“My dear creature, I shall never know it. I’ll never be conscious of this highly unpleasant annihilation. It’s only the dread of it. And that doesn’t exist if you refuse to think of it.”
“But suppose there’s someone else you’re longing and longing to see again?”
“Now!” he cried, triumphantly. “Now we’re getting at the mystery of your life. It’s a dead lover!”
“Oh! You and your beastly obsession with lovers!” she cried, almost with a sob. “It’s a—child’s ghost....”

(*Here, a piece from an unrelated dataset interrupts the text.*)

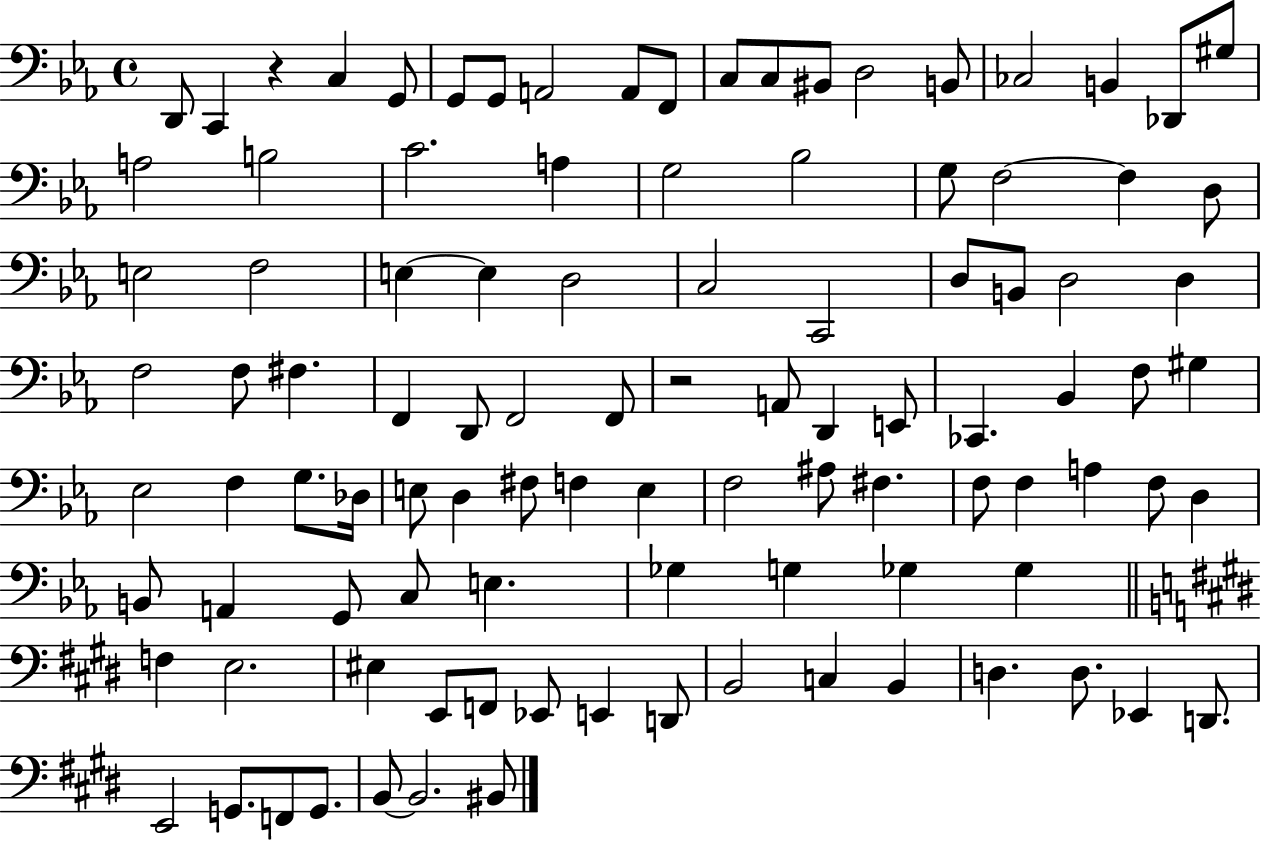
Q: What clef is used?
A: bass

“Be thankful it’s out of this brutal, hostile world, then,” said Lawrence. “Where’s Rosaleen? She lives in another nice little world, all by herself.”
“Perhaps hers is the real world,” said Enid. “I wish I could think so.”
IV
It was a wonderful ecstatic evening, the sort Rosaleen expected of artists. The studio was crowded, suffocatingly hot, filled with a joyful young riot. Except for Lawrence, they were all young. There was Miss Gosorkus and a man she had brought, there were the two English girls with three of their countrymen, there was a male cousin of Miss Mell’s and three young ships’ officers known to her, and two old friends from her art school. There was a distrait young Frenchman desperately in love with Enid, and a lot of other people who drifted in and out. There was a terrific amount of noise; they were wilfully, exaggeratedly noisy; they sang, shouted and stamped. The old phonograph blared its loudest, and the couples danced as best they could in the crowd. They drank the punch and the champagne and grew wilder and wilder. Rosaleen, astonished and delighted, believed herself actually to be witnessing one of those “orgies” so often mentioned in the papers as taking place in artists’ studios. It was not till long, long afterward that she realised how innocent, how decent, how happy it really was, how young....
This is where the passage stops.